民間の介護保険は本当に必要なのか?必要な人とそうじゃない人

民間の介護保険とは?

「公的な介護保険があるのに、民間の介護保険は必要?」

介護に関わる費用や老人ホーム等の支援を行ってくれるのが、公的な介護保険です。ただ、近年は高齢者が増加しており、老人ホームに加入する際のハードルが上がったり、将来的に受けられる保障が縮小する可能性も指摘されています。

そのため、公的な介護保険のみではカバーしきれない部分も出てきています。例えば、親の介護によって仕事を辞めてしまい親・子の両方が経済的な負担を強いられ、困難な状況になってしまう世帯も少なくありません。

そこで、注目したいのは「民間の介護保険」という選択肢です。民間の介護保険によって、公的なものではカバーしきれない部分をカバーしていこうという保険であり、注目度が高まっている保険だと言えるでしょう。

ただ、要介護(介護を必要とするような状態)になるのか?については疑問が残りますし、公的なものもあるのでわざわざ民間の保険に加入しなくても良いという考え方があるのも事実だと言えるでしょう。

なのでこの記事では、民間の介護保険の概要・特徴・必要性等について徹底的に解説していきたいと思います。まず、初めに公的な介護保険や民間の介護保険の概要について押さえていきましょう。

介護保険とは

介護保険とは、そもそもどんな保険なのでしょうか?この点についてしっかりと理解していないと、民間の介護保険うんぬんの前に「介護」というものについての理解やリスクを押さえる事が出来ないと思います。

介護保険について簡単にまとめると「要介護・要支援状態になった時に、必要になる費用」を保障してくれる保険の事です。

介護のリスク

若くて健康な間はあまり意識の出来ない事ですが、誰にでも介護が必要な状態になるリスクがあります。介護を必要とするような人が少ない社会なら、現在でも公的な介護保険のハードルの引き上げ等は行われておらず、保険料の引き上げ等も行われていないはずです。

しかし、公的な介護保険の様々な支援のハードルが上がっている点や介護保険の保険料が上がると言われているという事は、それだけ「介護を必要としている人」が存在しているという事です。

では、実際に介護にはどのようなリスクが考えられるのでしょうか?要介護状態になった時に考えられるリスクは「経済的な側面」と「誰が介護をするのか?」という2点に分かれると思います。

まず、初めに挙げられる経済的な側面というのは、単純に介護に掛かる費用の事です。
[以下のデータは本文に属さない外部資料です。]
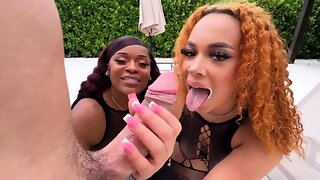 Ebony Threesome White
介護に掛かる大きな費用・経済的な負担は以下のようなものが挙げられます。

  • バリアフリー対応等の家のリフォーム費用
  • 車椅子等の介護に関する物品の購入
  • 老人ホームやデイサービスの費用
  • 働いている人なら収入が無くなるリスク

もちろん、貯蓄や年金等がしっかりと期待出来るなら負担できないようなものではありませんが、貯蓄等を計画的に行えていない世帯だと経済的に困窮する可能性が高いと言えるでしょう。

また、もう1つ挙げられるリスクは「誰が介護をするのか?」という点です。というのも、現在高齢者が高齢者を介護するというような形が問題として注目される程「介護をする人」が不足しています。

要介護にはいくつかランク(1~5ランクまである)が存在しており、公的な介護保険に加入していても要介護3以上でないと特別養護老人ホームに入る事が出来ません。

そのような点を踏まえると、現実問題で介護を行うのは「ご家族」という事になってくると思います。ただ、現在は共働き世帯も少なくなく、介護を行ってくる人が見つからないという問題が発生する事も少なくありません。

そのため、介護には経済的なリスクと誰が介護をするのか?という2つのリスクが存在します。

公的な介護保険

上記したようなリスクに対応するために、始まったのが公的介護保険制度です。日本国民で40歳以上であれば必ず加入する必要があり、自動的に健康保険と同じように保険料を支払う事になっています。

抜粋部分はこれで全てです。